You can use a column break to force text into the next column.
For the picture, what is your objection to using Text Wrap with it?
There are two ways to approach a multi-column layout:
- Draw one frame and divide it into columns, and add the text.
- Add multiple threaded frames that can be manipulated individually. While at first glance, this 2nd option might seem like a lot of work, it's what happens naturally when you place text from Word onto a spread without template frames.
I'm just getting to grips with indesign and in the three previous page design software systems I used it was simple to adjust columns anyway you wanted (without having to draw new boxes each time). I have no problem using a text wrap (which i'm guessing is another name for a runaround) but I find it hard to believe you cannot adjust columns in one text frame anyway you want (especially up and down). It just seems the most basic function necessary in page design or certainly has for me in the 12 years I've been designing newspages. It seems so basic to page drawing that I am wondering am I not getting my problem across right and there is an easy solution. Having to draw a new box to get a different height each time you want seems like an awful waste of time, what with adjusting the width, etc.

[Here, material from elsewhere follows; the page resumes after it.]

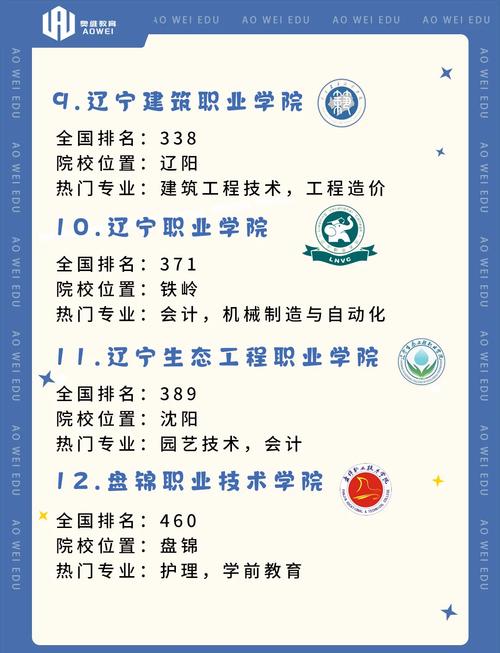 朝阳成考专业有哪些学校(辽宁省成考大专哪些院校容易录取)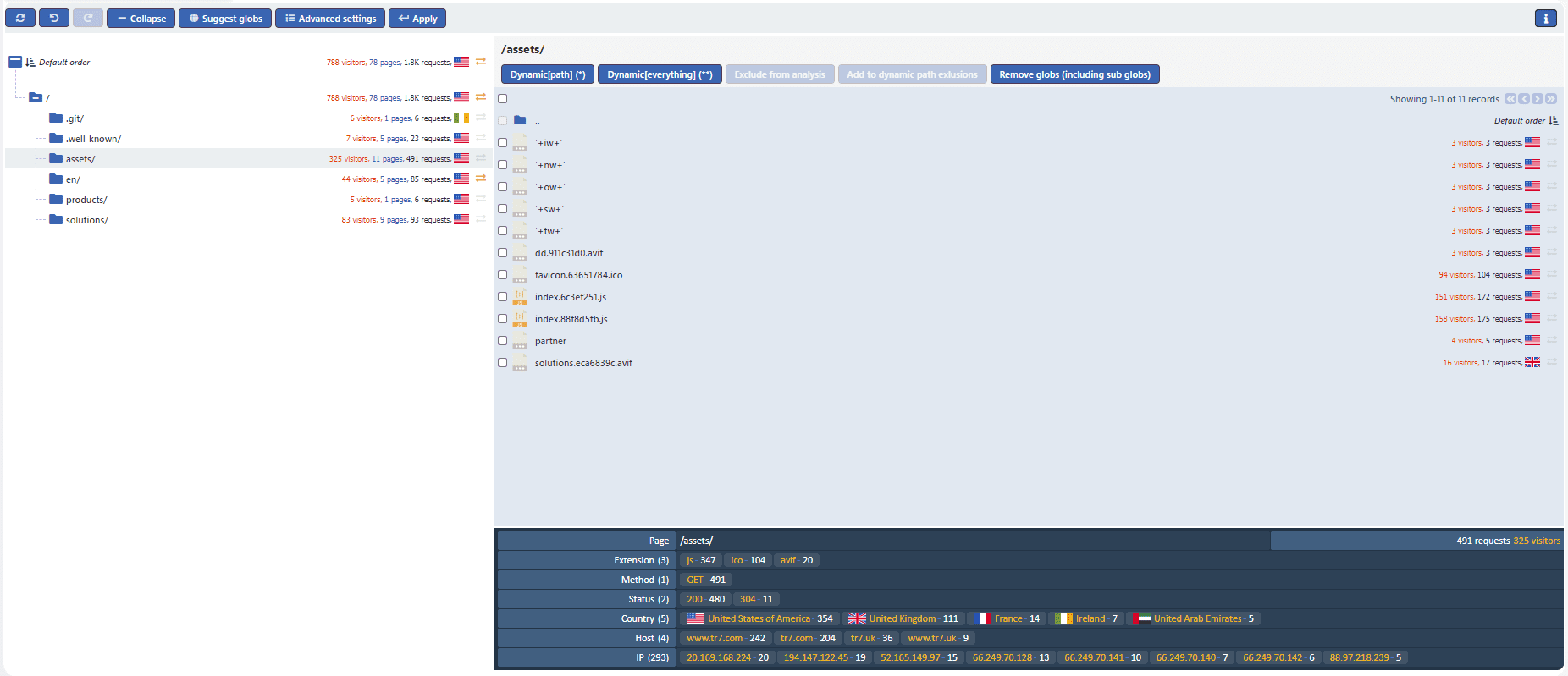 TR7 WAF Customer Centric Design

I'm not sure what you mean by "use a column break to force text into the next column" so would you be able to give a brief explanantion.
Thanks for your reply SJ
Type > Insert > Break Character > Column Break (or use the Enter Key)
This forces all text after the break to move to the next column.
Just to be clear, the enter key to use is on the numeric keypad.
Thanks for the help guys. I'm still a bit bemused by the fact individual columns cannot be adjusted up or down in the same frame, but I guess I've expressed that already! Anyway, I'm sure I'll get used to a new way of doing it.
I agree with Derek—take a few minutes (ok, maybe 30) to familiarize yourself with text frames in InDesign. Once you understand them, it's pretty darn quick. In particular, read about manual flow (slow but controlled), semi-automatic flow (faster but still provides control for multi-story documents) and autoflow (one click to draw all the threaded frames needed to add the text to your established layout).
There's always a learning curve on any new application, even when you arrive with years of layout experience on other applications. I love having students like you in my classes—all I have to do is show how to accomplish the tasks in InDesign. You already know why you need to know, and we don't have to spend time on all the basic concepts that we do for a brand new user. Those are my easiest (and fastest) classes!
I wonder what the three other page layout systems you used were; I can only think of two likely candidates.
I don't do many projects that require as much flexibility in column positioning as you expect - but there are two such projects I work on every year, in around fifteen languages, so I take care to set up the document to make it easy to adjust column height individually. I draw three separate text frames on the master page, and thread them as BarbBinder described in post #2. I would expect that something like that might work for you.
Thanks for all your help. I'll check out that video. My preferred way of learning is through just fiddling about and then asking questions (such as this one) on Google to find out what I can't figure out myself. Was surprised and frustrated I couldn't get answer for this one. Anyway, I'm sure I’ll get used to indesign and will learn some stuff from the video (I’ve shamefully downloaded CS5 for dummies too so that might help).
I’m pretty sure you haven’t heard of two of the layout systems Joel. While I learned page design on Quark, the newspaper I work for used a system called Citrix, that long ago went out of business, but our IT department kept up and running. I thought it was a step down from Quark for the first year but as I got familiar with it it worked quite well for our purpose and we could design some pretty decent newspaper layouts on it, with cutouts (somewhat laborious) and cloning. It wasn't the best tool but you did what you could with it.
Little did I think I would pine for the days of Citrix when our new system (Alfa News Suite, from Germany) was brought in. It is a template system, which was introduced mainly to end the job of page-drawing. I could write for quite a while on the user-unfriendliness of this system but my colleagues and I have wasted enough time decrying it for the past two years. A template system would be grand I suppose if everyone who wrote for the paper was a machine, if all pics were the same shape and every news story uniform, but alas the vast majority of pages need tinkering or more often wholesale changes. And trust me Alfa is not the system you want to use in that case. The best way to explain it would be to imagine if you wanted to walk around your house, having to lock and unlock every door as you go, turning on and off lights in every room even in the daylight and... well let's just say to make even the smallest change takes more clicks than a member of a Kalahari tribe to say "supercalifragilisticexpialidocious" . As bad as Alfa is (and it is so bad it can often feel like you are part of some evil experiment) you can change column heights in the same story!
Anyway have only just bought (or rented I should say) the Adobe software - to design some adverts, newsletters etc for local businesses for extra income. I'm sure it I'll be singing indesign's praises in good time.